▶ **What you will do**
Please transcribe, word for word, the line containing "ニックス　knicks シャツ　スタッズ　STUD’S STUD'S（スタッズ）" and every line after it through the end of the records below, and nothing else.

[Opening Provided data section]

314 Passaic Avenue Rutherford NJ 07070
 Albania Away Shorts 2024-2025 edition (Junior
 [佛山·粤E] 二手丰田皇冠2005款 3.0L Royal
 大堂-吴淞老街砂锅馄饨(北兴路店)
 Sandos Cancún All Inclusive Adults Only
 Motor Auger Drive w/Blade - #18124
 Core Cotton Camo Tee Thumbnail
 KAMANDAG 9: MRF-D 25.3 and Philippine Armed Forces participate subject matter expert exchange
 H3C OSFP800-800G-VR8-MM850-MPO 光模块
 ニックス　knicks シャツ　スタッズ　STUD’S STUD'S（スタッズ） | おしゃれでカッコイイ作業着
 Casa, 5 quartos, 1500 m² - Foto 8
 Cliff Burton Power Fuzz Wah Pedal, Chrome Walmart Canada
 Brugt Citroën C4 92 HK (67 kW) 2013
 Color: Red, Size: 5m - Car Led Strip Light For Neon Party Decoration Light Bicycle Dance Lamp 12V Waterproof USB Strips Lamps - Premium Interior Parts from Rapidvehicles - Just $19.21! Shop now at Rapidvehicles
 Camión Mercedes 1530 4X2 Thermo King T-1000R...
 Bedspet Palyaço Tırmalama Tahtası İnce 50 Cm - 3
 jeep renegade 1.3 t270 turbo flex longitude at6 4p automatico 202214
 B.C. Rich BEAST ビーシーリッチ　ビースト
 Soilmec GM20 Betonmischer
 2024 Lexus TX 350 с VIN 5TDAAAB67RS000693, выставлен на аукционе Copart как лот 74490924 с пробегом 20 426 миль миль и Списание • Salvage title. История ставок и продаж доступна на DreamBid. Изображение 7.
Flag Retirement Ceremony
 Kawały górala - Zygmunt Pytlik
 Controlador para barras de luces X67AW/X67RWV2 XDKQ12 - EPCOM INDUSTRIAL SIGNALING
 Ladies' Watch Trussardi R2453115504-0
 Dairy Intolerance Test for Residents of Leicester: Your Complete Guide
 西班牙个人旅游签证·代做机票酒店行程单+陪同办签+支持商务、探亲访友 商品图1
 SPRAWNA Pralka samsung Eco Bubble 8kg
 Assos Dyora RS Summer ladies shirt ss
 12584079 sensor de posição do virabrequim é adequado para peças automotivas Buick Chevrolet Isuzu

[Closing Provided data section]

▶ **Response box**
 ニックス　knicks シャツ　スタッズ　STUD’S STUD'S（スタッズ） | おしゃれでカッコイイ作業着
 Casa, 5 quartos, 1500 m² - Foto 8
 Cliff Burton Power Fuzz Wah Pedal, Chrome Walmart Canada
 Brugt Citroën C4 92 HK (67 kW) 2013
 Color: Red, Size: 5m - Car Led Strip Light For Neon Party Decoration Light Bicycle Dance Lamp 12V Waterproof USB Strips Lamps - Premium Interior Parts from Rapidvehicles - Just $19.21! Shop now at Rapidvehicles
 Camión Mercedes 1530 4X2 Thermo King T-1000R...
 Bedspet Palyaço Tırmalama Tahtası İnce 50 Cm - 3
 jeep renegade 1.3 t270 turbo flex longitude at6 4p automatico 202214
 B.C. Rich BEAST ビーシーリッチ　ビースト
 Soilmec GM20 Betonmischer
 2024 Lexus TX 350 с VIN 5TDAAAB67RS000693, выставлен на аукционе Copart как лот 74490924 с пробегом 20 426 миль миль и Списание • Salvage title. История ставок и продаж доступна на DreamBid. Изображение 7.
Flag Retirement Ceremony
 Kawały górala - Zygmunt Pytlik
 Controlador para barras de luces X67AW/X67RWV2 XDKQ12 - EPCOM INDUSTRIAL SIGNALING
 Ladies' Watch Trussardi R2453115504-0
 Dairy Intolerance Test for Residents of Leicester: Your Complete Guide
 西班牙个人旅游签证·代做机票酒店行程单+陪同办签+支持商务、探亲访友 商品图1
 SPRAWNA Pralka samsung Eco Bubble 8kg
 Assos Dyora RS Summer ladies shirt ss
 12584079 sensor de posição do virabrequim é adequado para peças automotivas Buick Chevrolet Isuzu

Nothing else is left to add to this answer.